That is not how pawn shops work. They are places of short term loans based on property. you bring in something of value, like a bass guitar, and get a loan of money for some part of the value. (often half of what the owners thinks they can sell the item for) You have a set time to pay back the loan or you give up the collateral item. The pawn shop then sells the item. This is not like a second hand store or good-will. They are not going to buy junk they do not think they can sell. That there are 22 bass guitars tells me they do sell them because they would not take them as collateral if they could not. (Likely to 15 year old boys trying to impress 14 year old girls?)

Pawn brokers make their money off the fee charged for the loan and the sale of collateral on items not paid off.
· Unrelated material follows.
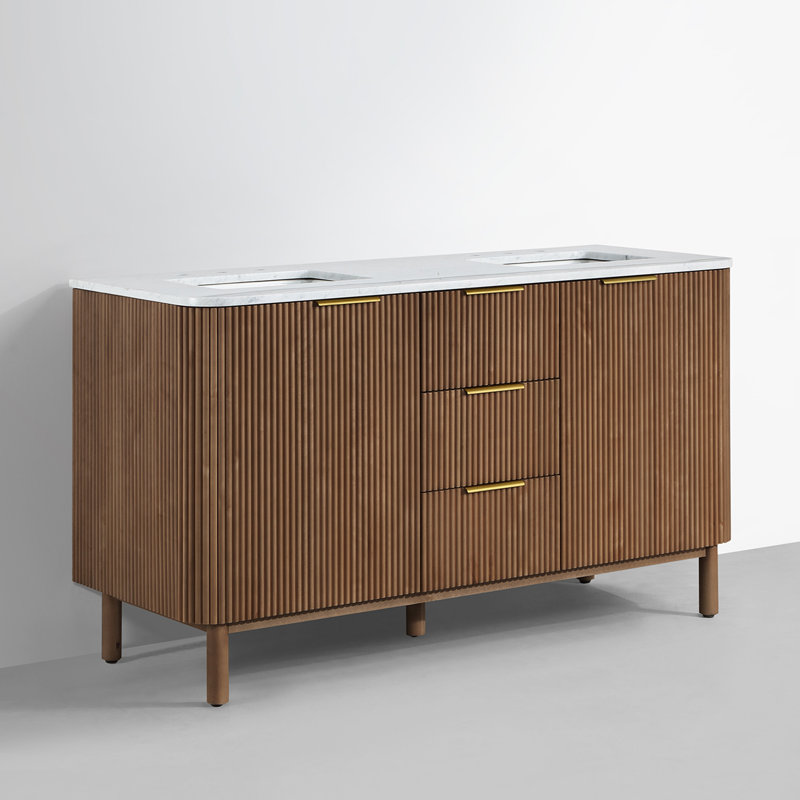 Kensington 60" Single Bathroom Vanity in Reeded Birch, Brown Reeded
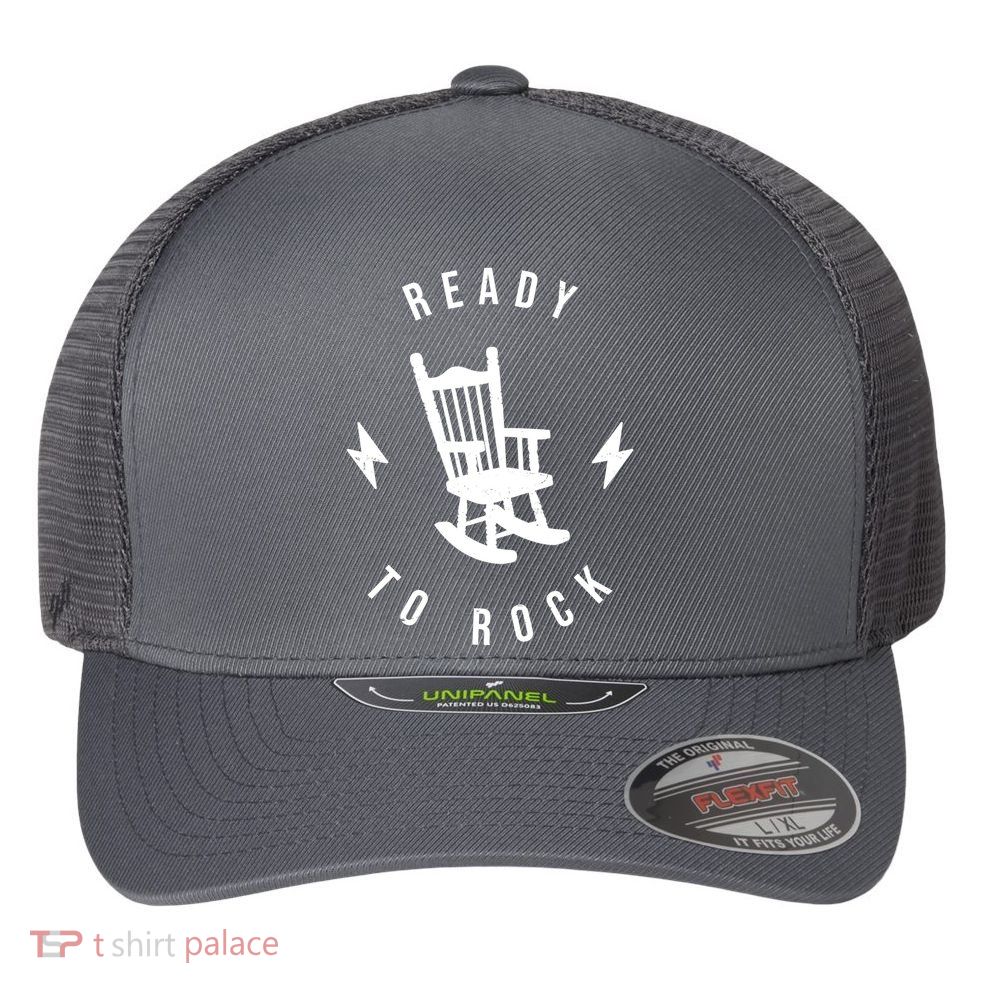 Ready To Rock Funny Rocking Chair Flexfit Unipanel Trucker Cap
They prey off the lowest income people in desperate need of cash but who are blocked from the check cashing companies. (some states limit the number of checks you can cash per year, or people who don't have bank accounts)

Many times you find lots of items in the pawn shop because they are not legally obtained by the person who brought them to the pawn shop. St. Louis Mayor Slay has called for a national law to fight the crime of steeling iPods, iPhones, iPads, and other Apple products. (http://stlouis-mo.gov/government/departments/mayor/news/Mayor-Alderman-p...) Mayor Blooberg of NYC claims NYC's increasing crime is due to Apple products and echoed Slay's call for federal laws preventing anyone from selling second hand iThings with out being put into a data base.

The pawn shop owners, like to live in that gray area of "following the law" but taking for sale things that a reasonable person would question as being stolen property. But hey, when you're looting the pockets of the poor, why care about things like that.